## Data extracts
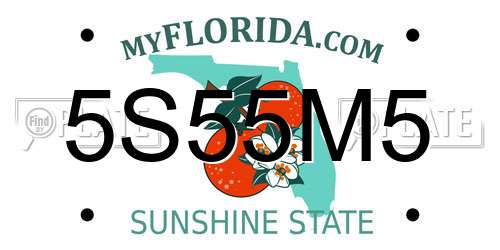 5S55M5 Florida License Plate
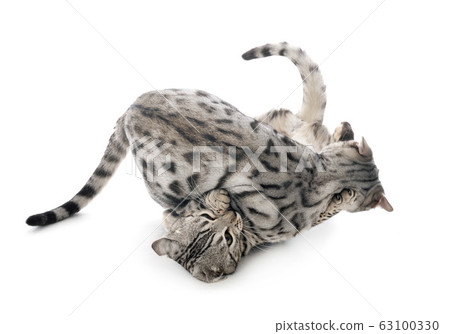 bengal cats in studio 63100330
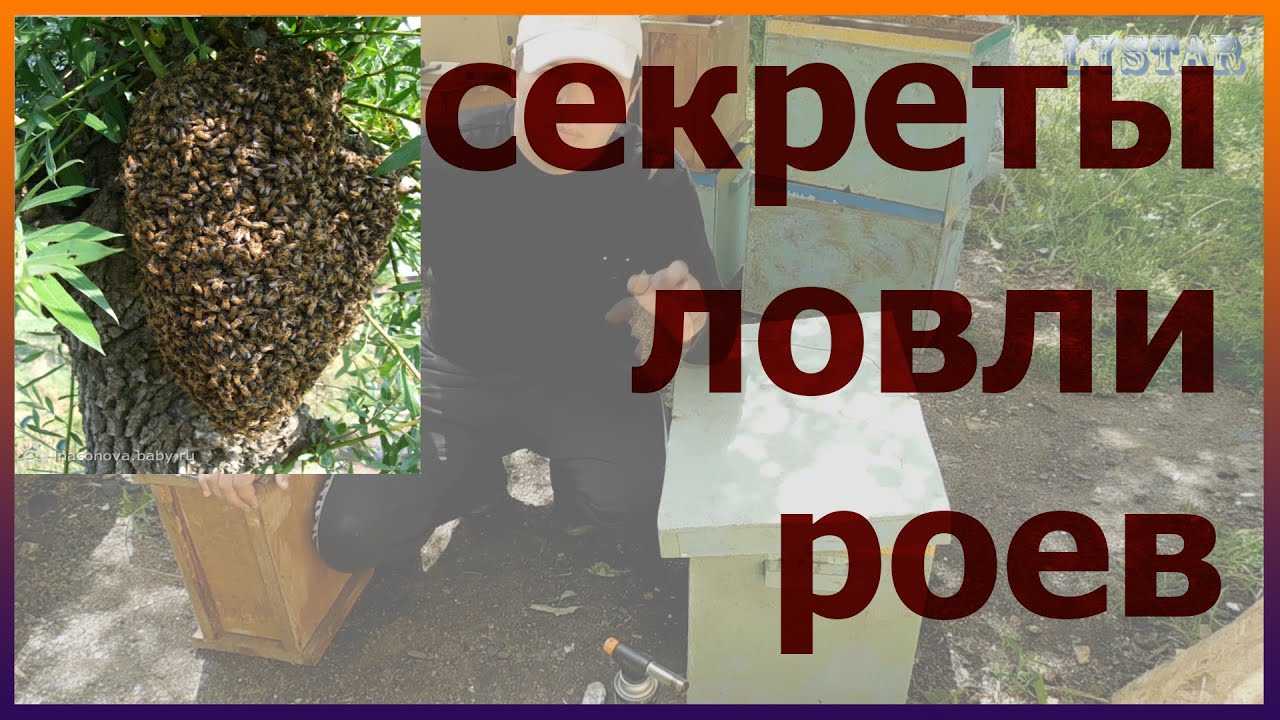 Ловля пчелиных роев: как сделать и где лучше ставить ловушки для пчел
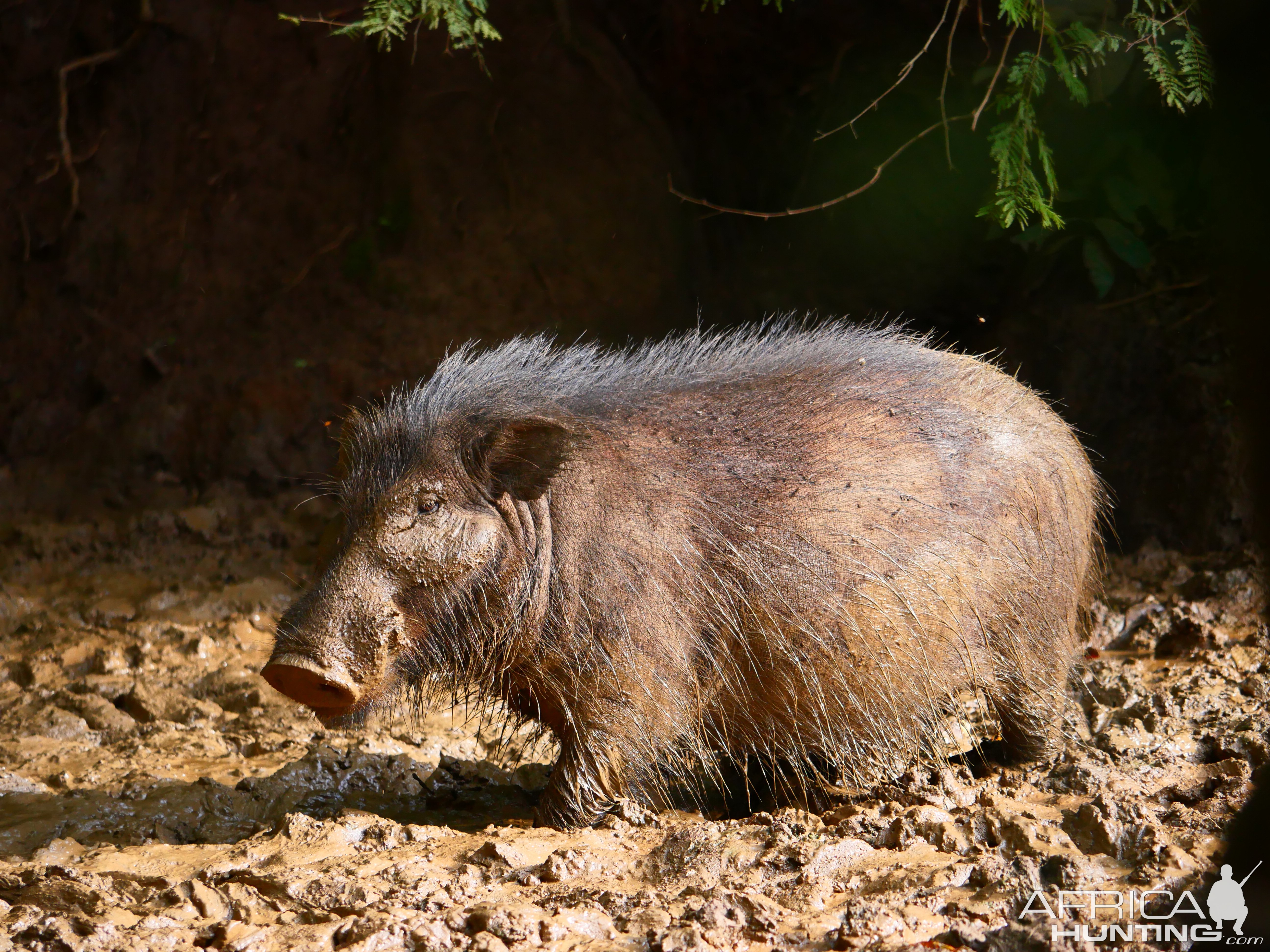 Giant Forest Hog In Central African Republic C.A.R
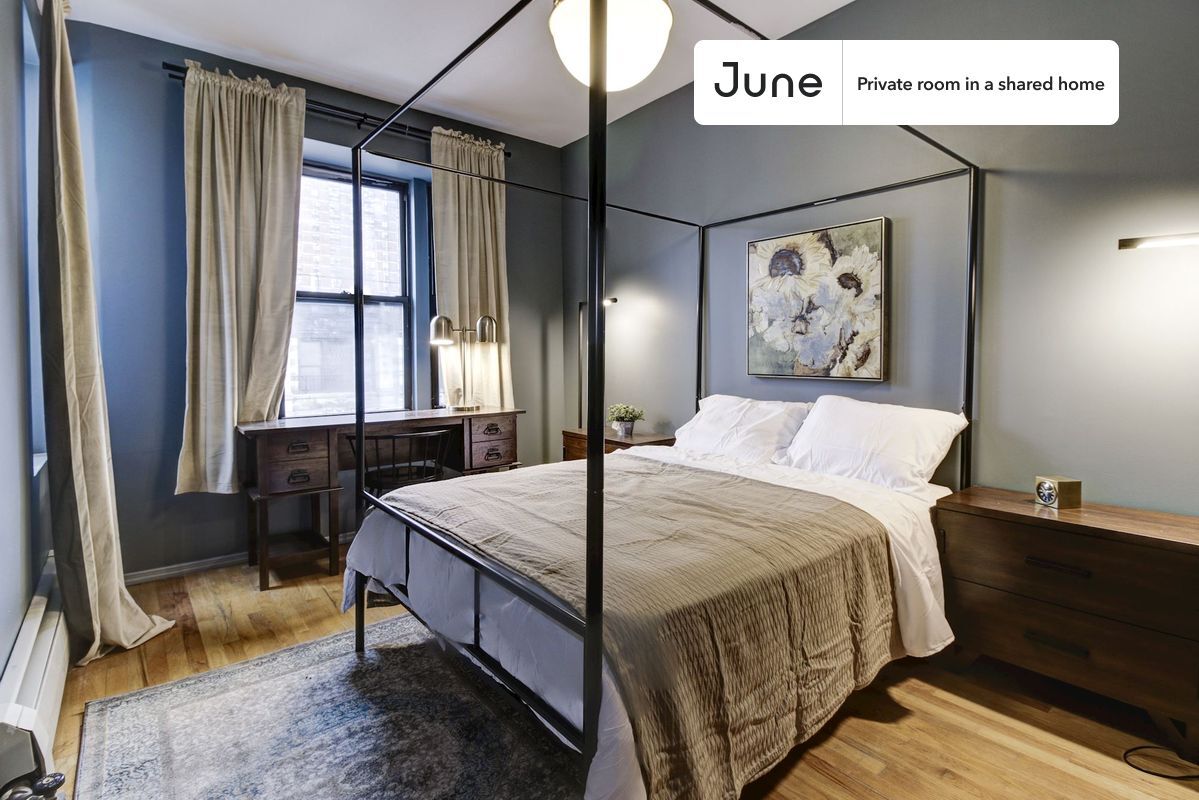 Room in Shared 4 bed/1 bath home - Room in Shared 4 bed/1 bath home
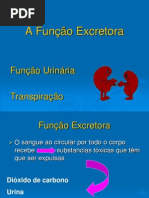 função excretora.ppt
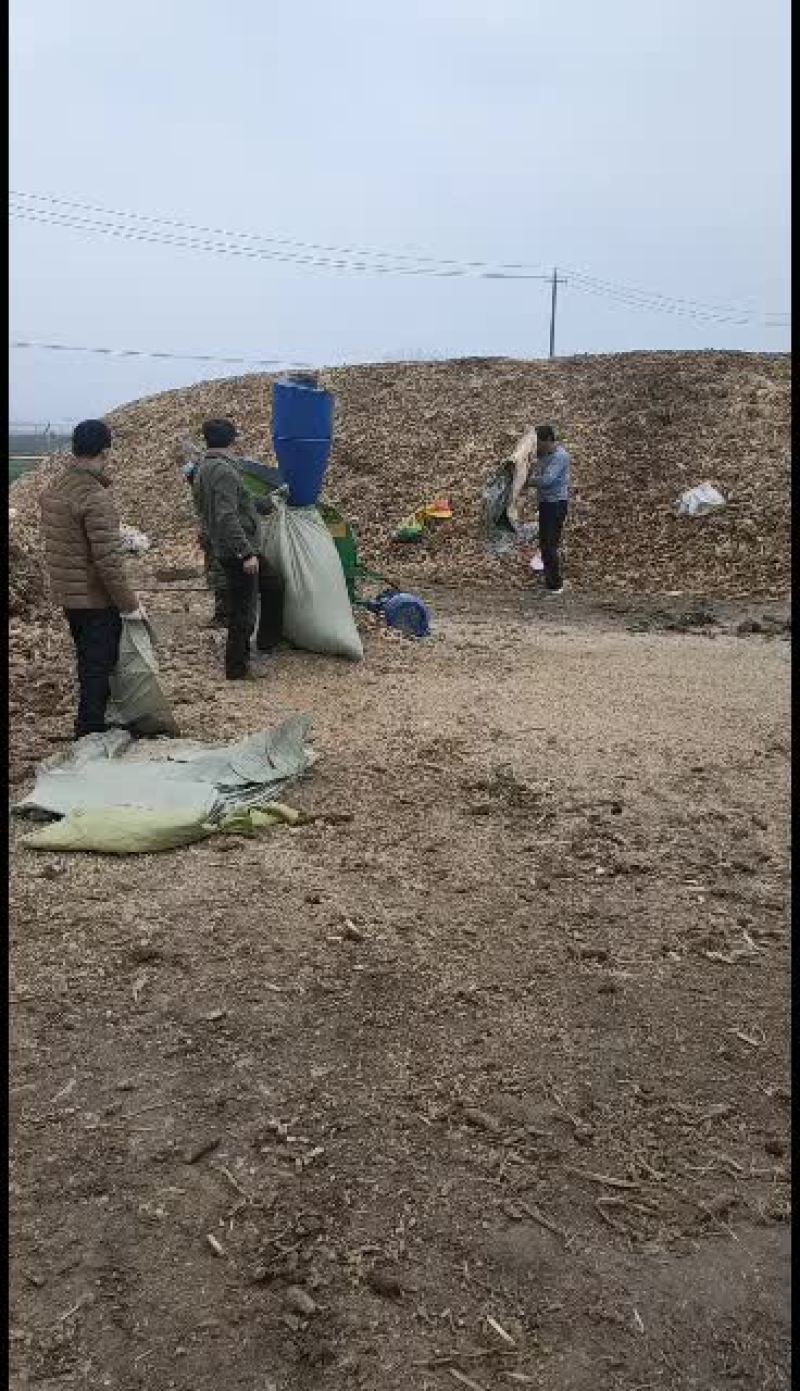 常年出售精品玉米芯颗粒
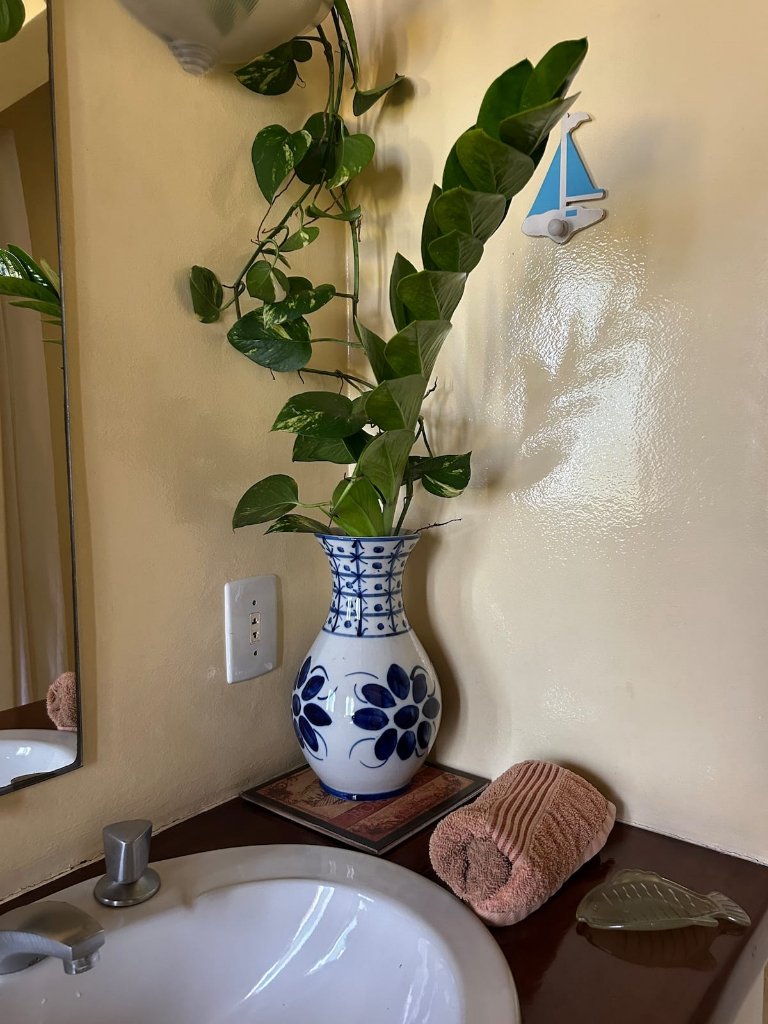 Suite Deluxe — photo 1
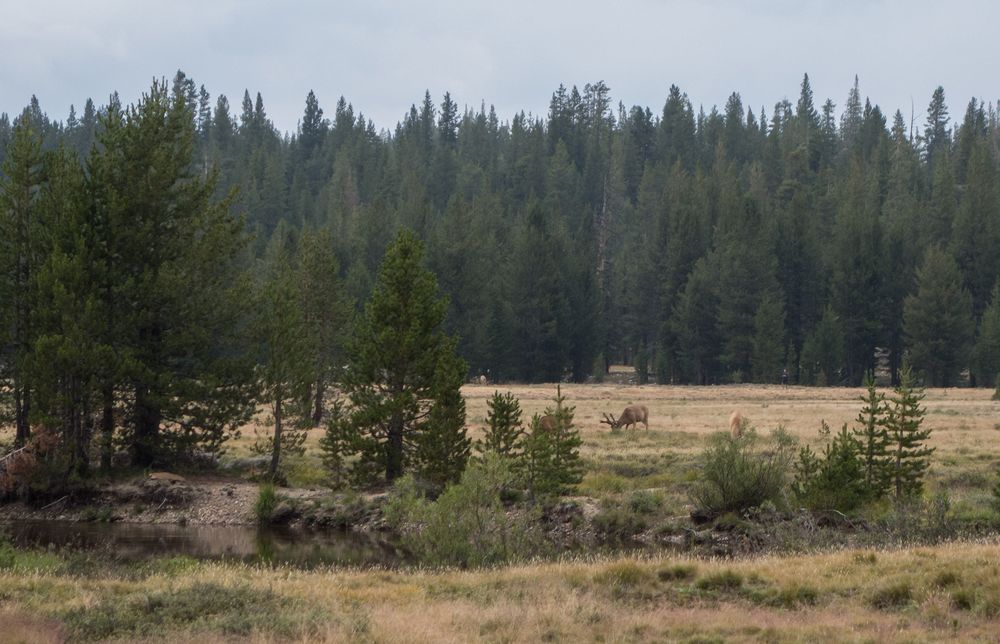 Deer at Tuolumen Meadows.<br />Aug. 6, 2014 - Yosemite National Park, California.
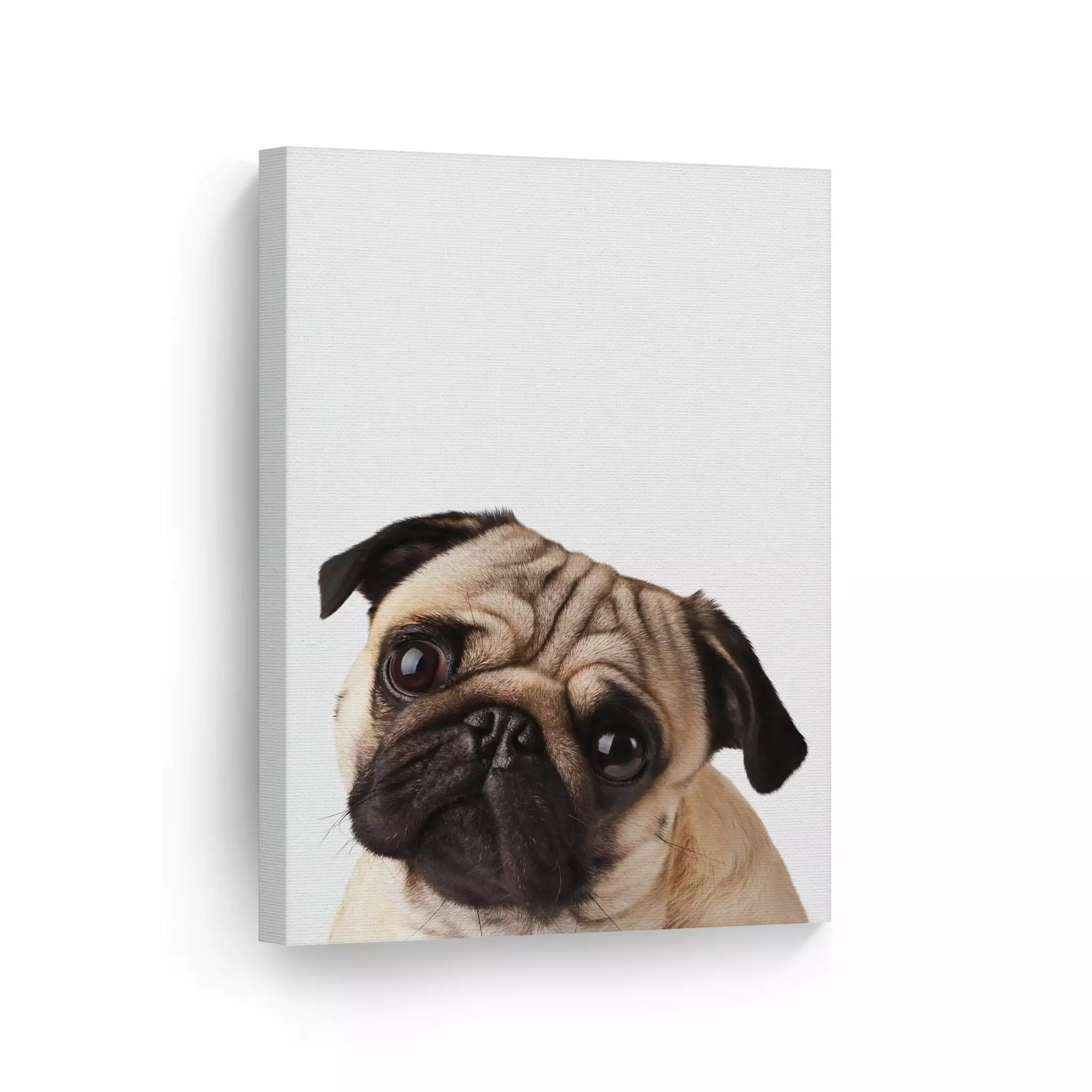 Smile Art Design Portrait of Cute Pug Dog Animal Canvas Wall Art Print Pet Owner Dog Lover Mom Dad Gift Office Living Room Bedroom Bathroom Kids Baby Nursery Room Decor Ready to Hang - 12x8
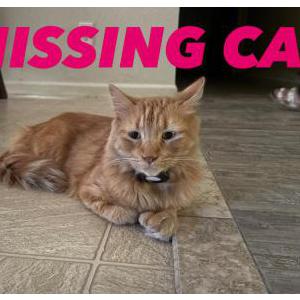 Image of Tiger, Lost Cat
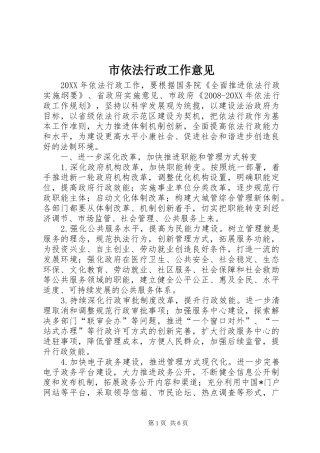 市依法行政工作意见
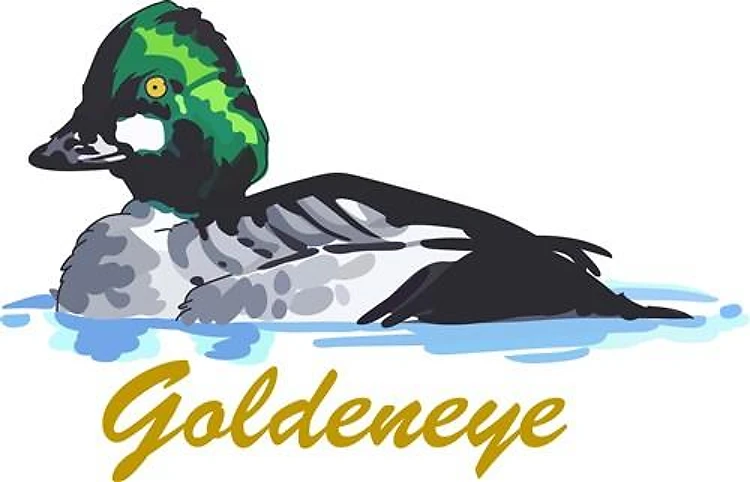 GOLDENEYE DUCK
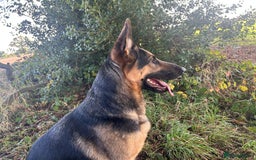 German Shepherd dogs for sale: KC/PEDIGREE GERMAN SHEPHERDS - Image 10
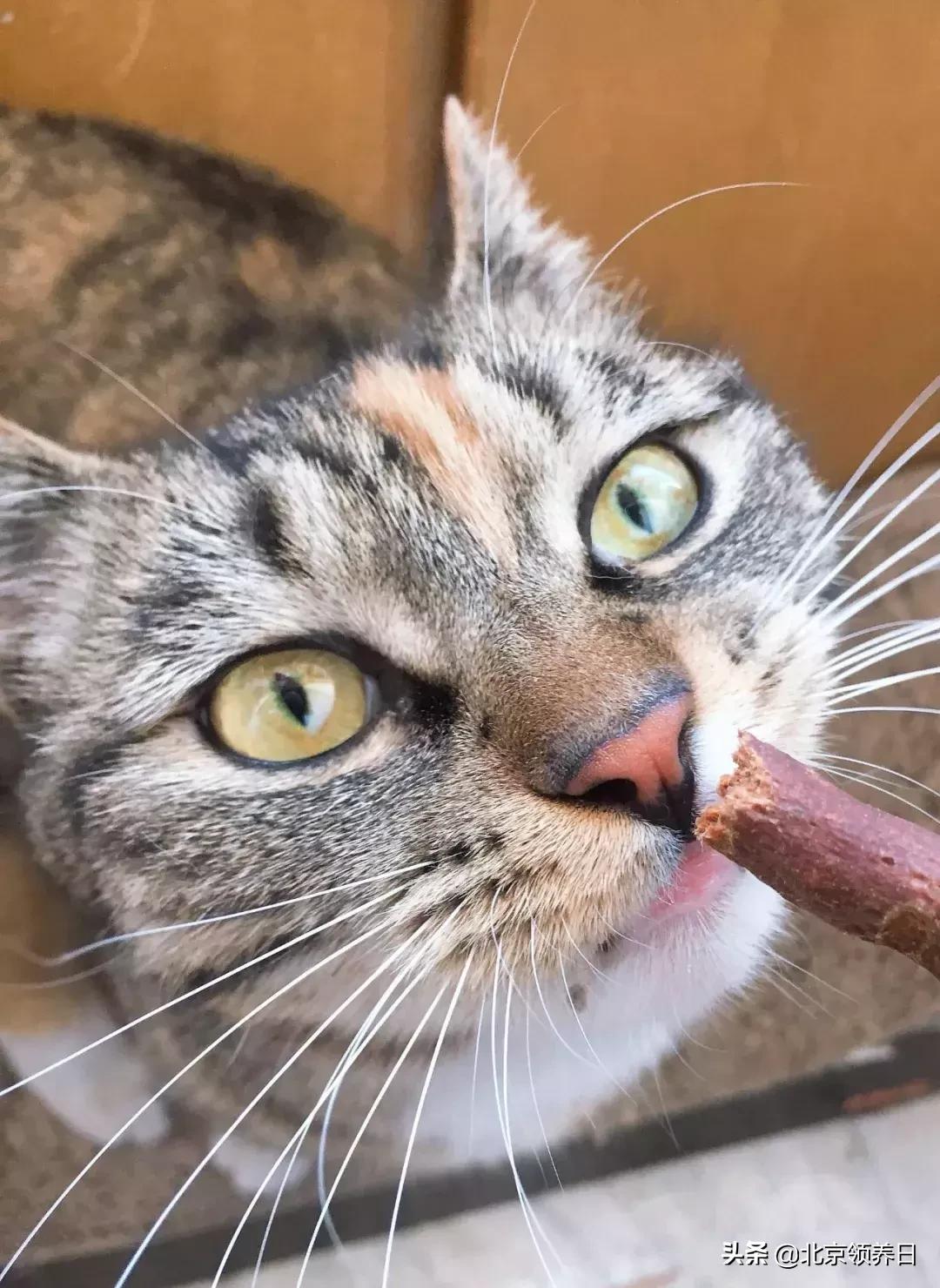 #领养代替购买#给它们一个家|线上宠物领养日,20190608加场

## Task brief
Exactly repeat every line from the line that includes "Ловля пчелиных роев: как" to the end of the listing, and nothing else, leaving pictures out.

## Exercise response
 Ловля пчелиных роев: как сделать и где лучше ставить ловушки для пчел
 Giant Forest Hog In Central African Republic C.A.R
 Room in Shared 4 bed/1 bath home - Room in Shared 4 bed/1 bath home
 função excretora.ppt
 常年出售精品玉米芯颗粒
 Suite Deluxe — photo 1
 Deer at Tuolumen Meadows.<br />Aug. 6, 2014 - Yosemite National Park, California.
 Smile Art Design Portrait of Cute Pug Dog Animal Canvas Wall Art Print Pet Owner Dog Lover Mom Dad Gift Office Living Room Bedroom Bathroom Kids Baby Nursery Room Decor Ready to Hang - 12x8
 Image of Tiger, Lost Cat
 市依法行政工作意见
 GOLDENEYE DUCK
 German Shepherd dogs for sale: KC/PEDIGREE GERMAN SHEPHERDS - Image 10
 #领养代替购买#给它们一个家|线上宠物领养日,20190608加场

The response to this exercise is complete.